そして、サステナブル資本主義に必要な3つの視点とは、人がサステナブル、お金がサステナブル、すべてのステークホルダーがサステナブルということだ。人、お金、すべてのステークホルダーのそれぞれをサステナブルにするとは、より長期的に、より広い視点で価値やコストを自覚し、それを前提に未来を見据えて一人ひとりが行動していくことだ、と結論づける。
メルカリやLINE、Netflixなどの事例を紹介し、消費者や労働者の共感を集めることができれば、大きく拡大することができることを説明している。サステナブル資本主義は、ミッションを軸にした経営で、消費者と労働者の共感を買うための仕組みだからだ。

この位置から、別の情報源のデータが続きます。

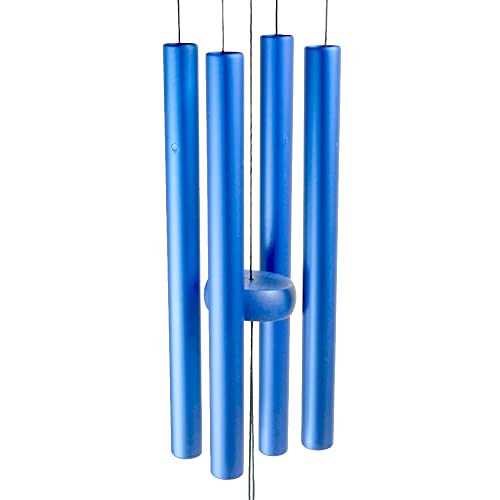 24" Aluminum 4Tubes Tuned Metal Wind Chimes For Outside Unique Deep Tone Indoor Sympathy Memorial Wind Chimes For Living Room Balcony Window Decor(Blue) #TOP3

さらに今、世界で急拡大している「SaaS(Software as a Service)」などのサブスクリプション型のビジネスに言及している。このサービスの特徴は、技術的にソフトウェアであることや、クラウドを活用していることだけにとどまらない。一度契約してそのサービスを利用すると、徐々に機能が拡大され、使いやすいものになっていく。ユーザーが不満や改善点を指摘し、それを聞いた企業が改善することで、造り込まれていくのだ。
サービスやプロダクトに共感し、価値を感じた消費者が行う「考える消費」が投資家の資本を動かすのである。いくつかのSaaS企業の例を紹介し、ほんの少しの初期ユーザーの消費が、瞬く間に数十億円の資金調達を可能にし、その資金でさらなるユーザーの獲得や商品の開発が可能になる。今巨大化した米IT企業のGAFAM(グーグル、アマゾン、フェイスブック、アップル、マイクロソフト)もそのようにして拡大してきたという。
消費者が投資家マインドをはぐくむには、消費を投資だと考え、考える消費を行うこと、労働も投資と考えること、さらに余剰資金を投資することの3つの方法がある、としている。